- **WHAT THE TASK ASKS**
Needed from the data below: every line from the one with "Men's Helly Hansen" up to and including the one with "Brown Cushion Ring", repeated exactly and with nothing else.

- **RECORDS FOR PROCESSING**
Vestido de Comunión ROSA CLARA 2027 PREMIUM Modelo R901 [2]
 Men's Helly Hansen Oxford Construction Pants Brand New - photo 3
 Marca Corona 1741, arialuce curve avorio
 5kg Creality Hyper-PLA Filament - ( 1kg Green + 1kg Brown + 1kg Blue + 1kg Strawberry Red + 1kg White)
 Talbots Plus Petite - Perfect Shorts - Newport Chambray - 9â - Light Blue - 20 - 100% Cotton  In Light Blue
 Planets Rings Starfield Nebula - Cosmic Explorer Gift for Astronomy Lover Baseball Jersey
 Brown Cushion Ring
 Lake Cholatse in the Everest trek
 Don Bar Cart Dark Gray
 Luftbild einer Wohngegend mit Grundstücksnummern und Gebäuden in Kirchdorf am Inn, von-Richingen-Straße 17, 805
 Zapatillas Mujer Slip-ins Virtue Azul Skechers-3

...

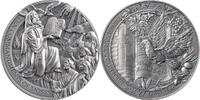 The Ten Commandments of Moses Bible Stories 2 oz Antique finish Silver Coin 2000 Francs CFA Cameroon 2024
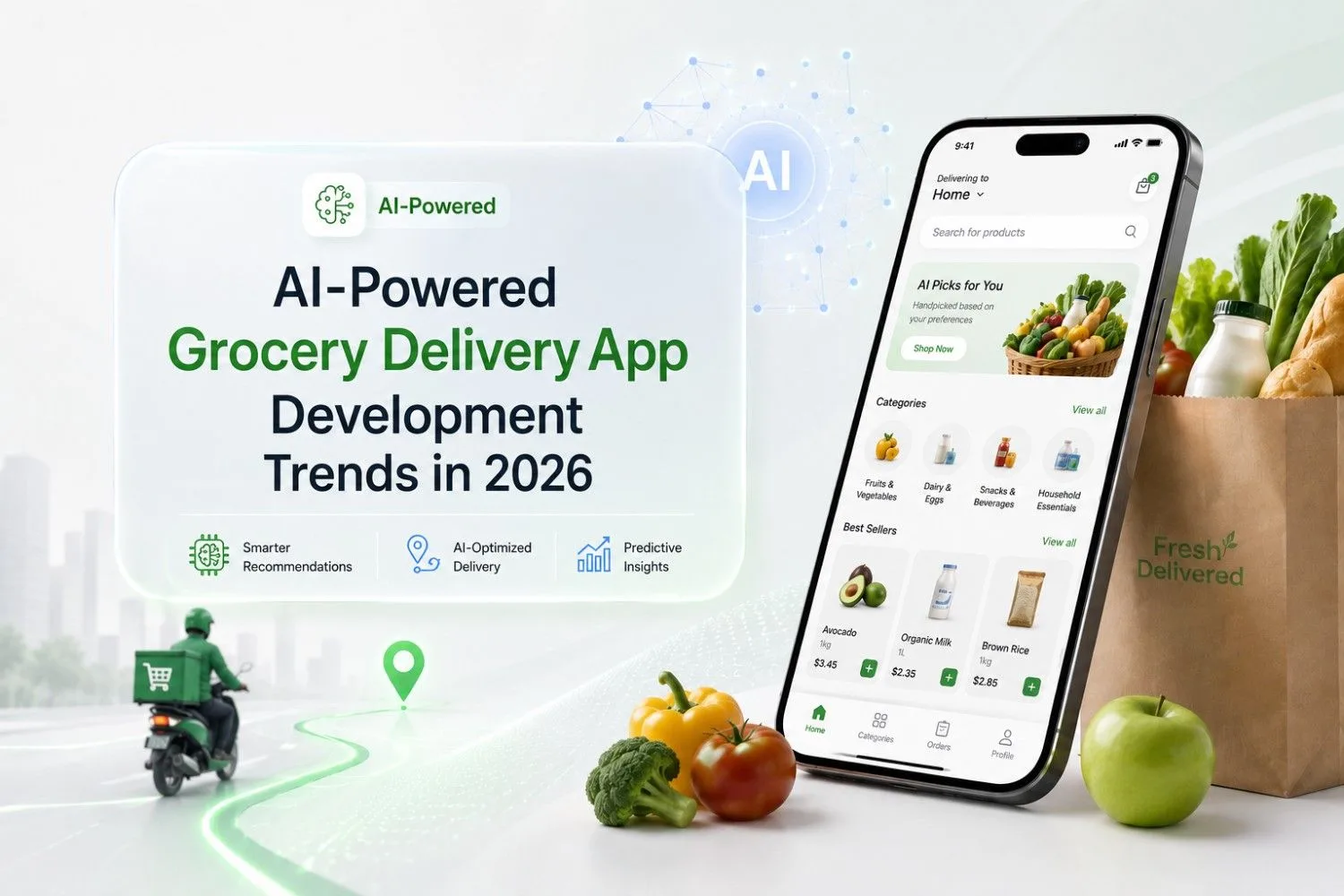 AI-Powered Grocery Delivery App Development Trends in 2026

...

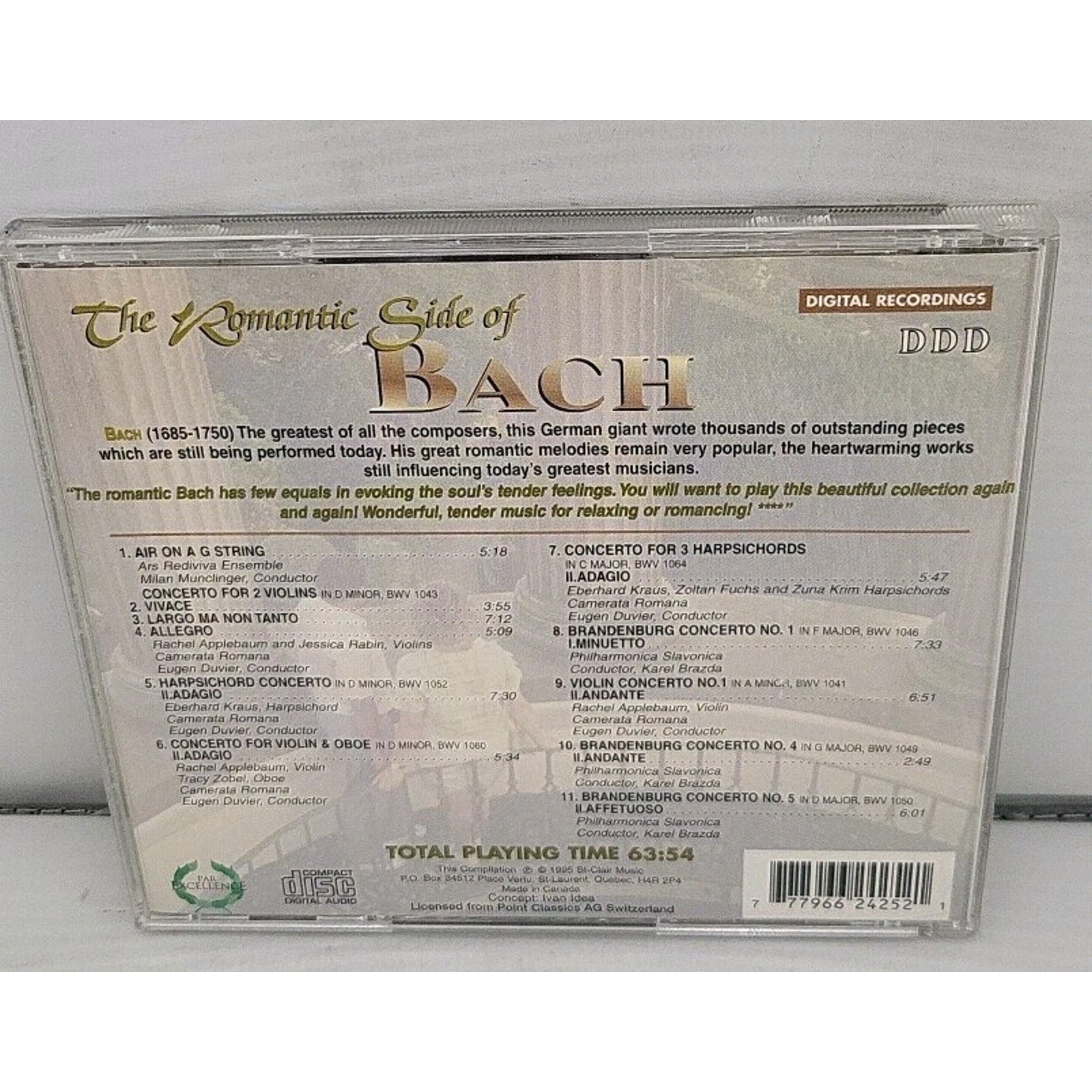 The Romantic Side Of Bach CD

- **THE ANSWER**
 Men's Helly Hansen Oxford Construction Pants Brand New - photo 3
 Marca Corona 1741, arialuce curve avorio
 5kg Creality Hyper-PLA Filament - ( 1kg Green + 1kg Brown + 1kg Blue + 1kg Strawberry Red + 1kg White)
 Talbots Plus Petite - Perfect Shorts - Newport Chambray - 9â - Light Blue - 20 - 100% Cotton  In Light Blue
 Planets Rings Starfield Nebula - Cosmic Explorer Gift for Astronomy Lover Baseball Jersey
 Brown Cushion Ring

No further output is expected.